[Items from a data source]
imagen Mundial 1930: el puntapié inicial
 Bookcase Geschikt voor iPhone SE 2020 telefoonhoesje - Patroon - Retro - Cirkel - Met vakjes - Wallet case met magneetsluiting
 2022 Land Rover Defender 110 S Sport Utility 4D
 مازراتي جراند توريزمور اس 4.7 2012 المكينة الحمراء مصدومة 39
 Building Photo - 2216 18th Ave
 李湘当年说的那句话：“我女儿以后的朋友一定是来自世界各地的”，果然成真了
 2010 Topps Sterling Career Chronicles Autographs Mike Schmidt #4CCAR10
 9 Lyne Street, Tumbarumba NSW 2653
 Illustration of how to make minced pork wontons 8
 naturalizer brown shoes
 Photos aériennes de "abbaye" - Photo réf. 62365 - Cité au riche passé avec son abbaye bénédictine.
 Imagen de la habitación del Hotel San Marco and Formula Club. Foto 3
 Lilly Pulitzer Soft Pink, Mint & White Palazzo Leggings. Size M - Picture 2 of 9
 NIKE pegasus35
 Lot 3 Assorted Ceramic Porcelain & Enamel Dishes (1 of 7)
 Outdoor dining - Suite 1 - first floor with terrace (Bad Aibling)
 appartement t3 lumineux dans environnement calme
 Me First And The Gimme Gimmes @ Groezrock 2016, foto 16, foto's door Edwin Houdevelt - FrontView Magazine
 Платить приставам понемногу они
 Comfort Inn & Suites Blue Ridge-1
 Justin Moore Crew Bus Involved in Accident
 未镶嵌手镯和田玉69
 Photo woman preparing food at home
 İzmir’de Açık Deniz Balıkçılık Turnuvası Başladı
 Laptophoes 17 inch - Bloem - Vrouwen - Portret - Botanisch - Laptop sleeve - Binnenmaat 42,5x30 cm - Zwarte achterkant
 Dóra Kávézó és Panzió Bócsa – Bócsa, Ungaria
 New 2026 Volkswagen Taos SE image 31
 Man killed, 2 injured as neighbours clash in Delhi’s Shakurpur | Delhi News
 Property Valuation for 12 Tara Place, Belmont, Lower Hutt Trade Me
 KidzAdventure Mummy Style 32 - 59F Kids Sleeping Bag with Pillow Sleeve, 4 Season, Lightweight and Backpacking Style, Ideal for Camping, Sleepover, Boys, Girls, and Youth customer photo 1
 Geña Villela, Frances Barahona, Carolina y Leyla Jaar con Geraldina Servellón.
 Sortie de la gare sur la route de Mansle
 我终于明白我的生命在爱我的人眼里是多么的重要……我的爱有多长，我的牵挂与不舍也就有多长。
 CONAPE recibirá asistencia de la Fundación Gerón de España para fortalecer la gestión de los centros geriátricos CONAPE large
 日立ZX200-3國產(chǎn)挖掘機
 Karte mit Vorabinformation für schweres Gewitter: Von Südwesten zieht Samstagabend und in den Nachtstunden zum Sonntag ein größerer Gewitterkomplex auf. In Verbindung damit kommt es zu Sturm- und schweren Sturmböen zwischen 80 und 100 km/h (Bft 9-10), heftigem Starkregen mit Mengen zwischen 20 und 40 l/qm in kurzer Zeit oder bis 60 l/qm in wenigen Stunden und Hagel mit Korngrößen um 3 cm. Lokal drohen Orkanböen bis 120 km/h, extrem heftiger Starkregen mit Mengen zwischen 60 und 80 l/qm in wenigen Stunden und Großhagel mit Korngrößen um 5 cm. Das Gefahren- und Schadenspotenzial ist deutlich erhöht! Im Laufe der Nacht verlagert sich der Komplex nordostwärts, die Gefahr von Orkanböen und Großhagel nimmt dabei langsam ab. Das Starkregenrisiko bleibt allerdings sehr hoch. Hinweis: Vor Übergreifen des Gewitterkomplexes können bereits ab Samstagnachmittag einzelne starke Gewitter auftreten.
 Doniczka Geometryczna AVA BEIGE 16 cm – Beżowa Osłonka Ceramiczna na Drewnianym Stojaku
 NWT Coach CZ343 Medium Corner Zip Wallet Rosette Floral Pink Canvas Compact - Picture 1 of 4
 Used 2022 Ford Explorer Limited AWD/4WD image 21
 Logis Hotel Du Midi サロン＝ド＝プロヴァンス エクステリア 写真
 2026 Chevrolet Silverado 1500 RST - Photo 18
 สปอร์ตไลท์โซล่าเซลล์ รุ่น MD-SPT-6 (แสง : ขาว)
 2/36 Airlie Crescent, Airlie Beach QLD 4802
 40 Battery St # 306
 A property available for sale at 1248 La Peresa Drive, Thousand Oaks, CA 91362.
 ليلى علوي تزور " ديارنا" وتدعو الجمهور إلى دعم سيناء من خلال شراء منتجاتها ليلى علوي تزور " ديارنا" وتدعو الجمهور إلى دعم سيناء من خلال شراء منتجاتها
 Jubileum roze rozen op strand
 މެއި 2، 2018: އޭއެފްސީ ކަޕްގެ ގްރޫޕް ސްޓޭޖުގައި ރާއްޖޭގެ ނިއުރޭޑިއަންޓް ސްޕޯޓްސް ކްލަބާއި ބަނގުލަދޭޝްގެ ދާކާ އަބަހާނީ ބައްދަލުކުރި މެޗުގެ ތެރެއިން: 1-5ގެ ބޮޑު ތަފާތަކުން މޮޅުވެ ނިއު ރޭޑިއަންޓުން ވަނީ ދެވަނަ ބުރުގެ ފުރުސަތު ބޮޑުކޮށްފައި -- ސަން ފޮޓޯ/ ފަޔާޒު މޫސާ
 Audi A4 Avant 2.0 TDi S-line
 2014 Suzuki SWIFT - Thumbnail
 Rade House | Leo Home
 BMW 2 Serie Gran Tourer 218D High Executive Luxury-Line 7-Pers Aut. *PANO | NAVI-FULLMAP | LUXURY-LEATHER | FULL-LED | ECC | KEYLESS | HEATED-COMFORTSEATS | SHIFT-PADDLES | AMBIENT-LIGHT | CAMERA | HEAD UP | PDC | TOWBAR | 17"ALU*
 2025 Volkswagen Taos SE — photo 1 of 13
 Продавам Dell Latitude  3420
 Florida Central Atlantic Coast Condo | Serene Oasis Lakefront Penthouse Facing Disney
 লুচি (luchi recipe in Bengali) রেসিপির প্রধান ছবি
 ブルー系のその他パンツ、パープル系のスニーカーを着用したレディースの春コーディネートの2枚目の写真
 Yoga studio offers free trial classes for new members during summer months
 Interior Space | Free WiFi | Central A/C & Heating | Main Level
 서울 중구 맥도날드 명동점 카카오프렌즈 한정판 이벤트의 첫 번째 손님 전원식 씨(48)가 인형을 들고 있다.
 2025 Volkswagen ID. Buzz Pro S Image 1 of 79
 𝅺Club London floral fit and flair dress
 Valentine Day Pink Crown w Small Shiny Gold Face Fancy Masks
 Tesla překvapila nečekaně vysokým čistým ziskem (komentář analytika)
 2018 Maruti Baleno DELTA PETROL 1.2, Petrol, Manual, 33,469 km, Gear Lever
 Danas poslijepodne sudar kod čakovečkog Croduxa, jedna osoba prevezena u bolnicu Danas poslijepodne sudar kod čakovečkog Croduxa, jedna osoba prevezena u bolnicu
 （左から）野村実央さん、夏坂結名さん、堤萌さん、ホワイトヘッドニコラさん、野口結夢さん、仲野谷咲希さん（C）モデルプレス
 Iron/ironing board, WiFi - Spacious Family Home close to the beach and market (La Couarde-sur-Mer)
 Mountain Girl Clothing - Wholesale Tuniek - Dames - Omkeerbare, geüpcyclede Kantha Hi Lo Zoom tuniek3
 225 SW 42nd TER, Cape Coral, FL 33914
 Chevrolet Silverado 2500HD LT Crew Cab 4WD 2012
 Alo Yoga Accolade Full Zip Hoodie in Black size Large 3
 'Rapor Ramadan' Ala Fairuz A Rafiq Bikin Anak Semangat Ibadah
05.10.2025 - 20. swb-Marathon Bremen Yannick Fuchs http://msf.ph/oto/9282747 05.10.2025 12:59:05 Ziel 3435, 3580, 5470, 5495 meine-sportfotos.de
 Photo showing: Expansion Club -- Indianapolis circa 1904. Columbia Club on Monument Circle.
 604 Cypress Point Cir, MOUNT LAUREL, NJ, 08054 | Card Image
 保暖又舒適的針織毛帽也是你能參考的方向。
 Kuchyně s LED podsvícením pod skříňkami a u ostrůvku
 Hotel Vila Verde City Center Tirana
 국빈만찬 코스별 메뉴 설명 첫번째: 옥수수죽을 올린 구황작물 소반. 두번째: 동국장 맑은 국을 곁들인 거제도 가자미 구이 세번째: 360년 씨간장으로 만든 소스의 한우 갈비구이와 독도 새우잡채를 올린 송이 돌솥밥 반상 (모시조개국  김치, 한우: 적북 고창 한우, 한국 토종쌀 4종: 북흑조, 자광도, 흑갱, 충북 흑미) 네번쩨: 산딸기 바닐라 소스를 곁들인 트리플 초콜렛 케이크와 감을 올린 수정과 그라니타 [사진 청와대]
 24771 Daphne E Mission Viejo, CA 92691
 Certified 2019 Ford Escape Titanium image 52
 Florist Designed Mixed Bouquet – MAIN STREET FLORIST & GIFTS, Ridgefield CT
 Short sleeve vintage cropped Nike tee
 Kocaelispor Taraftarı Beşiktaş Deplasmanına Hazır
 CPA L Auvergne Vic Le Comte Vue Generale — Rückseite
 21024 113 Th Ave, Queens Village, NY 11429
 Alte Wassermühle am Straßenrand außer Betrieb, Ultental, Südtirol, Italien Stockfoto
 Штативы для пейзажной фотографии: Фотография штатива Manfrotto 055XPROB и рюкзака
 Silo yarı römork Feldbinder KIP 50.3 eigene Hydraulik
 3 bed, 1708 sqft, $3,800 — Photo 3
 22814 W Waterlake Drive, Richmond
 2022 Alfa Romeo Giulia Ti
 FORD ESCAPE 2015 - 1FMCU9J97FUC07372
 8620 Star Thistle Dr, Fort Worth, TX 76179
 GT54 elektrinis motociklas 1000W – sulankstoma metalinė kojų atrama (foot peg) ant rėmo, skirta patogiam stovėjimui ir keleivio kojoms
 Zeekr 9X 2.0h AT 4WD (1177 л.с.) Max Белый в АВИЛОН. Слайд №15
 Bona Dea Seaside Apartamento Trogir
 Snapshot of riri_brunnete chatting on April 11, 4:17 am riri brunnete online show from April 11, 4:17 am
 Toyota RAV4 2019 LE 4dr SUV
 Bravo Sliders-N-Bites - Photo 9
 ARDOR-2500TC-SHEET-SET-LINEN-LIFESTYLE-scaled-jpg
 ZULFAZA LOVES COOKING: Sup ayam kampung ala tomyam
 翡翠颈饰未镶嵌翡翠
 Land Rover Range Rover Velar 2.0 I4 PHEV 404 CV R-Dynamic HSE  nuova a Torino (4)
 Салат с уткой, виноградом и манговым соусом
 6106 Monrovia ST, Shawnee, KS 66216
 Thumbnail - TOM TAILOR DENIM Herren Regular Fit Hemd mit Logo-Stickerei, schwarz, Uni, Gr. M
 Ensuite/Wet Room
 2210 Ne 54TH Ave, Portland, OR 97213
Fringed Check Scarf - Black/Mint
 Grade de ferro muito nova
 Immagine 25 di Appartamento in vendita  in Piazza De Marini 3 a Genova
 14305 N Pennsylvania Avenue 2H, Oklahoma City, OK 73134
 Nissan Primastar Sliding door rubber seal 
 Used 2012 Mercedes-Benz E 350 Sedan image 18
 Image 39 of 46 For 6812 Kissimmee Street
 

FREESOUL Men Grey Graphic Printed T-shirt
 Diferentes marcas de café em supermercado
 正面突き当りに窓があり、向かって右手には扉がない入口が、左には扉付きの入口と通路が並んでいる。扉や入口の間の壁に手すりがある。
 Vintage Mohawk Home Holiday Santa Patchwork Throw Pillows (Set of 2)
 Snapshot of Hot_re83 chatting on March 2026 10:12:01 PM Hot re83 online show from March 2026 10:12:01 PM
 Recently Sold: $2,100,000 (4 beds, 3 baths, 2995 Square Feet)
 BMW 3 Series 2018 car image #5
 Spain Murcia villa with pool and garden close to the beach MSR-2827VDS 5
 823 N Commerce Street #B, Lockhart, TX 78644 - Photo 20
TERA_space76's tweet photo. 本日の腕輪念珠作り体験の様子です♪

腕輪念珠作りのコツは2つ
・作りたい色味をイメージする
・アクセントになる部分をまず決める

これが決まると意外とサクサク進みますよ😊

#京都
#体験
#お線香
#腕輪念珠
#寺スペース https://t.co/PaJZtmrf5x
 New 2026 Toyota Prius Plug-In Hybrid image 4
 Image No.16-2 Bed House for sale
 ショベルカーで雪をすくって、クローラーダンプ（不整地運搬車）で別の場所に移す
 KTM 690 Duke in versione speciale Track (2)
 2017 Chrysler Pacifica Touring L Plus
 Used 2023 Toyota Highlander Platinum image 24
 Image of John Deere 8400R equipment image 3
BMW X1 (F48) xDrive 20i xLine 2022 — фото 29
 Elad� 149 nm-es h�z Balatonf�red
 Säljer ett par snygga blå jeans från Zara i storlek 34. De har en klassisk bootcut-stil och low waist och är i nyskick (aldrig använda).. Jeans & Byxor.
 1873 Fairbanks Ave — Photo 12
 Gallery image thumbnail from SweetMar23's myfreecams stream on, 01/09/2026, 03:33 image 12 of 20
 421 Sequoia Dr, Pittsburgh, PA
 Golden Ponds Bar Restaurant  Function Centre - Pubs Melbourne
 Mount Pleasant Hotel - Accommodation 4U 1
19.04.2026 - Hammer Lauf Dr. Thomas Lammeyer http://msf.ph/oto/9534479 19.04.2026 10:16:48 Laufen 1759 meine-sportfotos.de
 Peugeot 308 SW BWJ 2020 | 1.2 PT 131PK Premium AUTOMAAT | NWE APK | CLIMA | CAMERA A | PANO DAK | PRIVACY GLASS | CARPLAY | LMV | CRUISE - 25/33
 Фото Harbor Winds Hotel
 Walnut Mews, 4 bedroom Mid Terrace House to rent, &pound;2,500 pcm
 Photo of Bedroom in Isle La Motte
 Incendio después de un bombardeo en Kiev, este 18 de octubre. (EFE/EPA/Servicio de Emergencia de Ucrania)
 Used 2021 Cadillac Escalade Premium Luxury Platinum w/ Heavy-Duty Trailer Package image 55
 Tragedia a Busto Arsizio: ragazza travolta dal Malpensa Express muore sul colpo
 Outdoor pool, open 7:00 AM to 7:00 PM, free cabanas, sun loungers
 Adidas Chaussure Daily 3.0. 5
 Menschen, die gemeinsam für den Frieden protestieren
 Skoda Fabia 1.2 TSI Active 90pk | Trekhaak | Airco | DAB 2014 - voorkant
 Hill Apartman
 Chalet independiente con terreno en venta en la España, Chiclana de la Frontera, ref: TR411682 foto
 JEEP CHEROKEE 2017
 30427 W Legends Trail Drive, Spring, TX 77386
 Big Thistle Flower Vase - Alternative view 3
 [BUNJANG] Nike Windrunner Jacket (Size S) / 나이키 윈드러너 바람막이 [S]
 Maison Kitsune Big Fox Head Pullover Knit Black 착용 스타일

TASK TO CARRY OUT => Every line above from the line with "2/36 Airlie Crescent, Airlie Beach QLD 4802" to the line with "লুচি (luchi recipe" is wanted, ends included; write them out exactly and add no other line.

COMPLETED EXERCISE =>
 2/36 Airlie Crescent, Airlie Beach QLD 4802
 40 Battery St # 306
 A property available for sale at 1248 La Peresa Drive, Thousand Oaks, CA 91362.
 ليلى علوي تزور " ديارنا" وتدعو الجمهور إلى دعم سيناء من خلال شراء منتجاتها ليلى علوي تزور " ديارنا" وتدعو الجمهور إلى دعم سيناء من خلال شراء منتجاتها
 Jubileum roze rozen op strand
 މެއި 2، 2018: އޭއެފްސީ ކަޕްގެ ގްރޫޕް ސްޓޭޖުގައި ރާއްޖޭގެ ނިއުރޭޑިއަންޓް ސްޕޯޓްސް ކްލަބާއި ބަނގުލަދޭޝްގެ ދާކާ އަބަހާނީ ބައްދަލުކުރި މެޗުގެ ތެރެއިން: 1-5ގެ ބޮޑު ތަފާތަކުން މޮޅުވެ ނިއު ރޭޑިއަންޓުން ވަނީ ދެވަނަ ބުރުގެ ފުރުސަތު ބޮޑުކޮށްފައި -- ސަން ފޮޓޯ/ ފަޔާޒު މޫސާ
 Audi A4 Avant 2.0 TDi S-line
 2014 Suzuki SWIFT - Thumbnail
 Rade House | Leo Home
 BMW 2 Serie Gran Tourer 218D High Executive Luxury-Line 7-Pers Aut. *PANO | NAVI-FULLMAP | LUXURY-LEATHER | FULL-LED | ECC | KEYLESS | HEATED-COMFORTSEATS | SHIFT-PADDLES | AMBIENT-LIGHT | CAMERA | HEAD UP | PDC | TOWBAR | 17"ALU*
 2025 Volkswagen Taos SE — photo 1 of 13
 Продавам Dell Latitude  3420
 Florida Central Atlantic Coast Condo | Serene Oasis Lakefront Penthouse Facing Disney
 লুচি (luchi recipe in Bengali) রেসিপির প্রধান ছবি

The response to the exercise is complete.